BRIEF » Print the whole listing below exactly, skipping every picture.

DATA SHOWN »
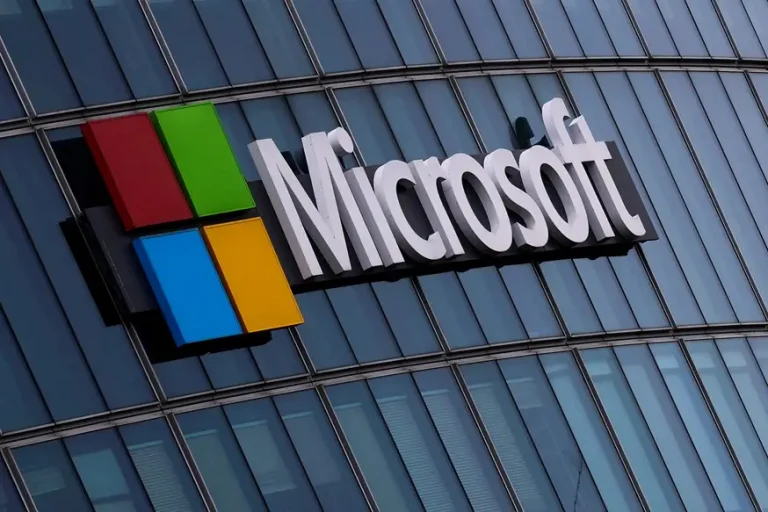 Microsoft apresenta Surface RTX Spark Dev Box com GPU Nvidia para IA e jogos pesados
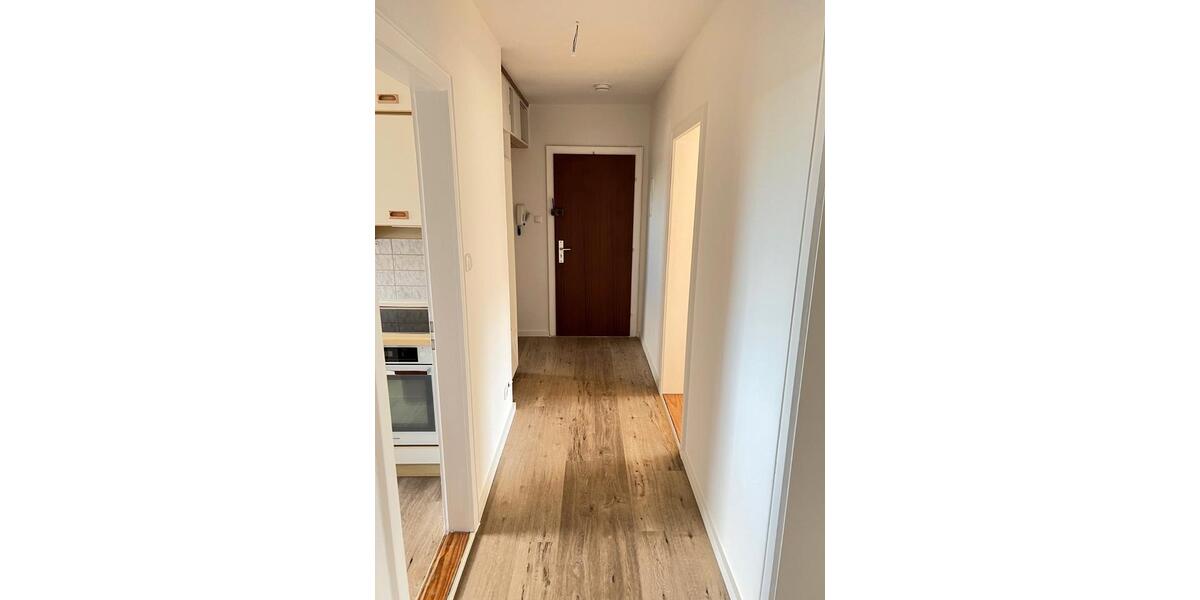 Etagenwohnung Büdelsdorf - 3 Zimmer, 70 m&sup2;, 720&euro; | Angebot:26563309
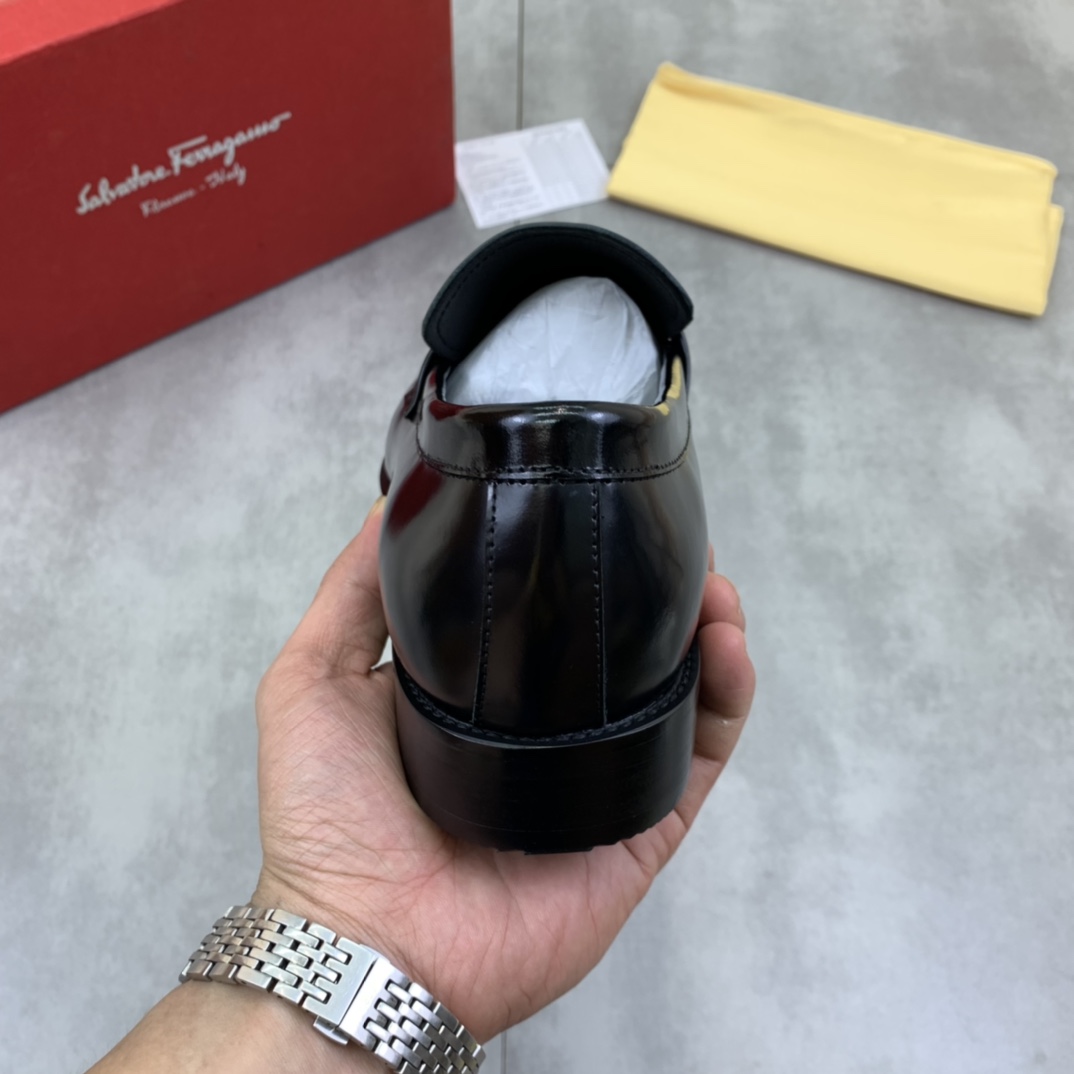 Salvatore Ferragamo Boots 11 - vstockx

EXERCISE SOLUTION »
 Microsoft apresenta Surface RTX Spark Dev Box com GPU Nvidia para IA e jogos pesados
 Etagenwohnung Büdelsdorf - 3 Zimmer, 70 m&sup2;, 720&euro; | Angebot:26563309
 Salvatore Ferragamo Boots 11 - vstockx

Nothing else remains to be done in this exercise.